Two cars leave town 150 kilometres apart at the same time and travel toward each other. One car's rate is 18 kilometres per hour more than the others. If they meet in 3 hours, what is the rate of the faster car ?
V1 = X km/h, V2 = x + 18 km/h.
d1 + d2 = 150 km.
3x + 3(x+18) = 150, 6x + 54 = 150, 6x = 96, X = 16 km/h, x+18 = 16 + 18 = 34 km/h = V2 = Speed of the faster car.
To find the rate (or speed) of the faster car, we can set up an equation based on the information given.
Let's say the rate of the slower car is 'x' kilometers per hour. Since the rate of the faster car is 18 kilometers per hour more, its rate is 'x + 18' kilometers per hour.

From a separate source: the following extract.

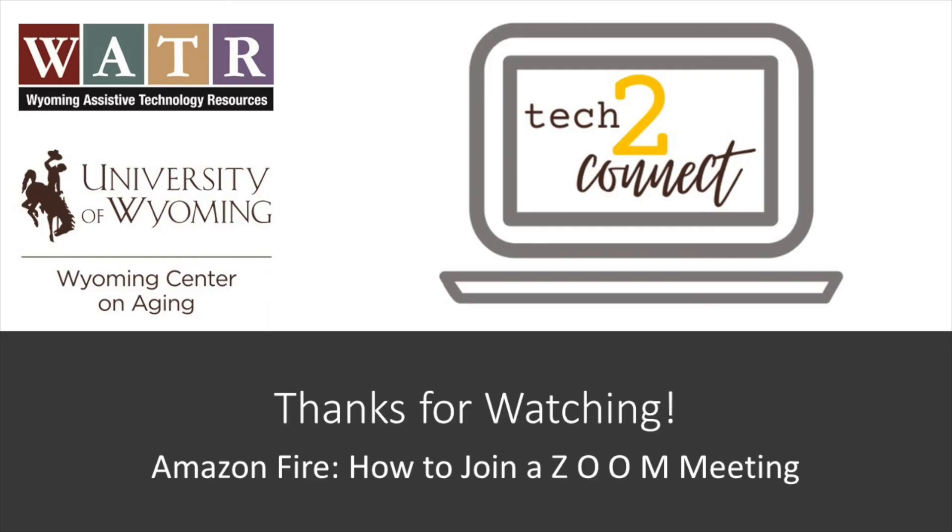Congratulations! You have learned how to join a Zoom meeting using a meeting ID and a link. Thanks for tuning in. Make sure to check out the rest of our video tutorials on the Tech2Connect website.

The distance traveled by the slower car in 3 hours is:
Distance = Rate × Time = x km/h × 3 h = 3x km
And the distance traveled by the faster car in 3 hours is:
Distance = Rate × Time = (x + 18) km/h × 3 h = 3(x + 18) km
Since they are traveling towards each other, the total distance covered by both cars should add up to 150 kilometers:
Distance of slower car + Distance of faster car = 150 km
Substituting the distances we calculated earlier, the equation becomes:
3x + 3(x + 18) = 150
Now we can solve this equation to find the value of 'x' and hence the rate of the faster car.
3x + 3(x + 18) = 150
3x + 3x + 54 = 150
6x + 54 = 150
6x = 150 - 54
6x = 96
x = 96/6
x = 16
So, the rate of the slower car is 16 km/h. And since the rate of the faster car is 'x + 18', the rate of the faster car is:
16 + 18 = 34 km/h
Therefore, the rate of the faster car is 34 kilometers per hour.